Migration and Human Capital in Brazil During the 1990s
41 Pages Posted: 20 Apr 2016
Date Written: July 2, 2003
Abstract
Nearly 40 percent of all Brazilians have migrated at one point and time, and in-migrants represent substantial portions of regional populations. Migration in Brazil has historically been a mechanism for adjustment to disequilibria. Poorer regions and those with fewer economic opportunities have traditionally sent migrants to more prosperous regions. As such, the southeast region, where economic conditions are most favorable, has historically received migrants from the northeast region. Migration should have benefited both regions. The southeast benefits by importing skilled and unskilled labor that makes local capital more productive. The northeast can benefit from upward pressures on wages and through remittances that migrant households return to their region of origin. The northeast of Brazil is a net sender of migrants to the southeast. In recent years, a large number of people moved from the southeast to the northeast. Compared with northeast to southeast (NE-SE) migrants, southeast to northeast (SE-NE) migrants are less homogeneous regarding age, wage, and income. SE-NE migrants are on average poorer and less educated than the southeast average, while NE-SE migrants are financially better off and higher educated than the northeast average. Fiess and Verner find that the predicted returns to migration are increasing with education for SE-NE migrants and decreasing for NE-SE migrants. They further observe that the returns to migration have been decreasing for NE-SE migrants and increasing for SE-NE migrants between 1995 and 1999. This finding helps explain migration dynamics in Brazil.

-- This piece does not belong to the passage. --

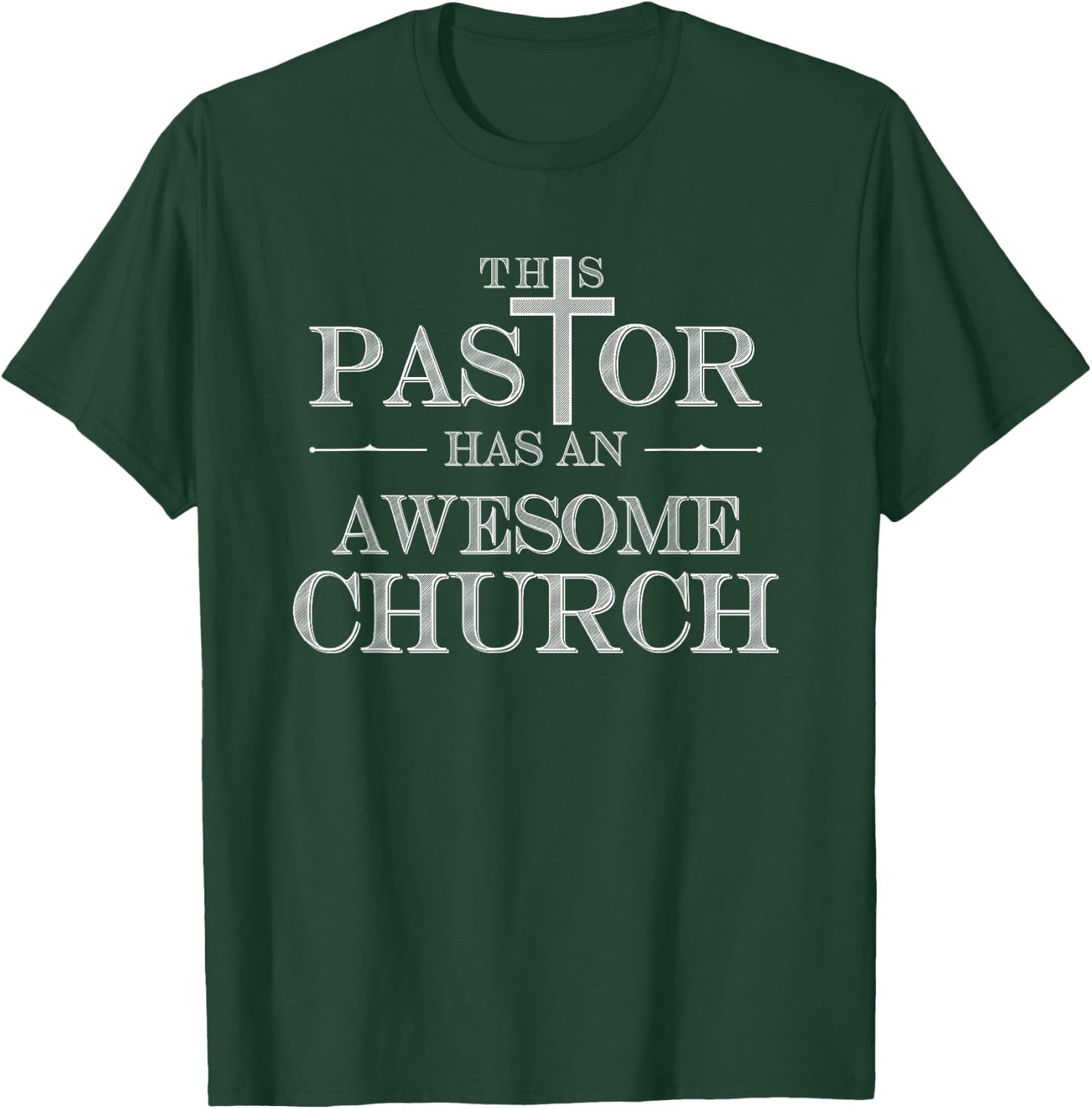 Funny Pastor Quote Awesome Church Parish Idea For Pastor T-Shirt - T-Shirt | Forest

While the predicted positive returns to migration for NE-SE migrants indicate that NE-SE migration follows in general the human capital approach to migration, the estimated lower returns to migration for SE-NE may indicate that nonmonetary factors also play a role in SE-NE migration.
This paper - a product of the Office of the Chief Economist and the Economic Policy Sector Unit, Latin America and the Caribbean Region - is part of a larger effort in the region to understand migration patterns in Brazil.